DRC Weighs Future of Cobalt Export Ban Ahead of September Deadline
Kinshasa, DRC — The Congolese government is expected to announce by September 21, 2025, whether it will extend, modify, or lift its current suspension of cobalt exports to the international market.
The measure, first introduced on February 22, 2025, by the Regulatory and Control Authority for Strategic Mineral Substances Markets (ARECOMS), initially imposed a four-month ban on exports of cobalt hydroxides, carbonates, white alloys, and copper-cobalt concentrates.
The suspension, which applied to all operators—industrial, semi-industrial, and artisanal— was later extended for an additional three months, citing high global stock levels.
Signed by ARECOMS Director General Patrick Mpoyi Luabeya, the decision aimed to curb excess supply on the global market and counter the steep decline in cobalt prices, which had fallen to historic lows of $21,000–$22,000 per tonne.
A commission under ARECOMS is currently reviewing the ban’s impact and will make recommendations on whether to extend, adjust, or lift the measure.
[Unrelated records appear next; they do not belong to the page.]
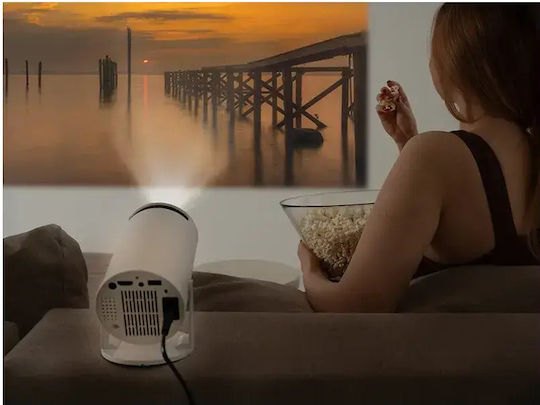 Tracer Vivid Pro Mini Projector DLP HD with Wi-Fi and Built-in Speakers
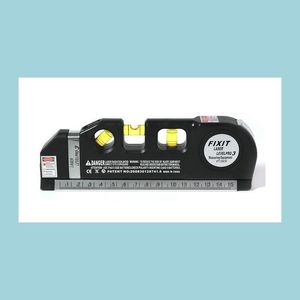 Niveau meetinstrumenten mtipurpose laser lijn 8 voet maat tape rer aangepaste standaard en metrische rers drop levering office sch dhelv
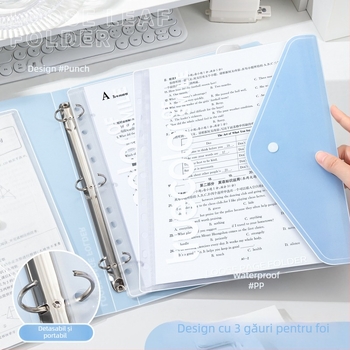 Dosar pentru documente (Binder) – Truecolor dosar informațional, din plastic, imprimarea siglei indisponibilă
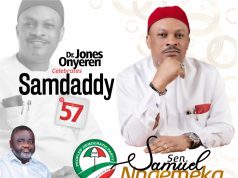 Samdaddy @57: Jones Onyereri Felicitates With PDP National Secretary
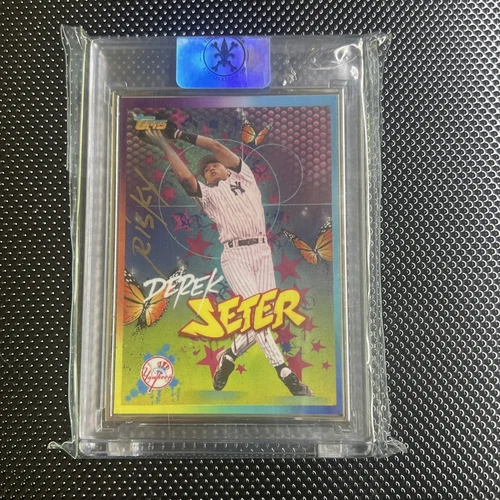 2021 TOPPS PROJECT 70 #745 DEREK JETER BY RISK P70 AP SILVER FRAME 08/51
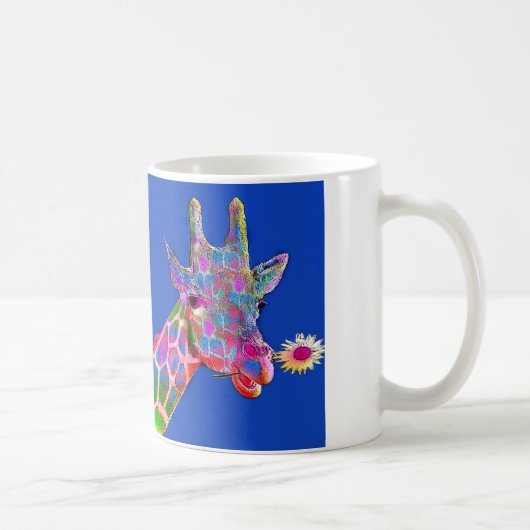 Pop-Kunst-Sonnenblume-Giraffe Kaffeetasse (Rechts)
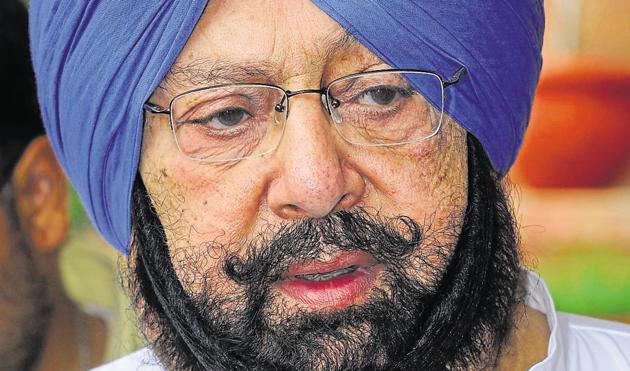 Punjab chief minister Captain Amarinder Singh (HT File Photo) Punjab chief minister Captain Amarinder Singh (HT File Photo)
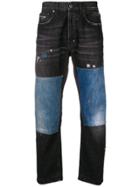 Prps Panelled Straight Jeans - Black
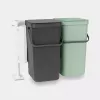 Brabantia Sort & Go retangular plástico verde cinzento largura 520 mm profundidade 370 mm altura 430 mm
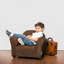 Chaise en micro-suède Keet-70145911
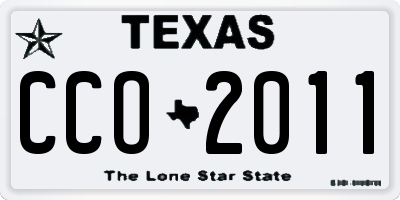 TX license plate CCO2011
In the Congolese mining sector, the suspension has disrupted operations. Glencore warned of potentially massive unsold stockpiles by year-end, as production remains stuck in-country. While immediate financial damage is partly cushioned by prior inventories, the ban has created significant regulatory uncertainty.
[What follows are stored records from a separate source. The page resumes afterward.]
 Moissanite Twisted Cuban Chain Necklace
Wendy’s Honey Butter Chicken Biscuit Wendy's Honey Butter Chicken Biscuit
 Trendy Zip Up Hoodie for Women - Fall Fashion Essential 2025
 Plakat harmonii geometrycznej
Industry observers note that proposed export quotas—intended as an alternative to the outright ban—raise questions about allocation, enforcement, and fairness among operators.
Globally, the measure initially triggered a temporary spike in cobalt prices, particularly in China. However, the effect has since diminished as external reserves, estimated at eight to ten months of global consumption by Benchmark Mineral Intelligence, helped absorb supply shocks.
The policy has split major producers. Glencore supports the introduction of quotas, while CMOC, the world’s largest cobalt producer, has called for a complete lifting of the ban.
Analysts stress that because cobalt is produced as a by-product of copper, the DRC faces structural limits in restricting cobalt output without also constraining copper production—a move that could have broader economic repercussions.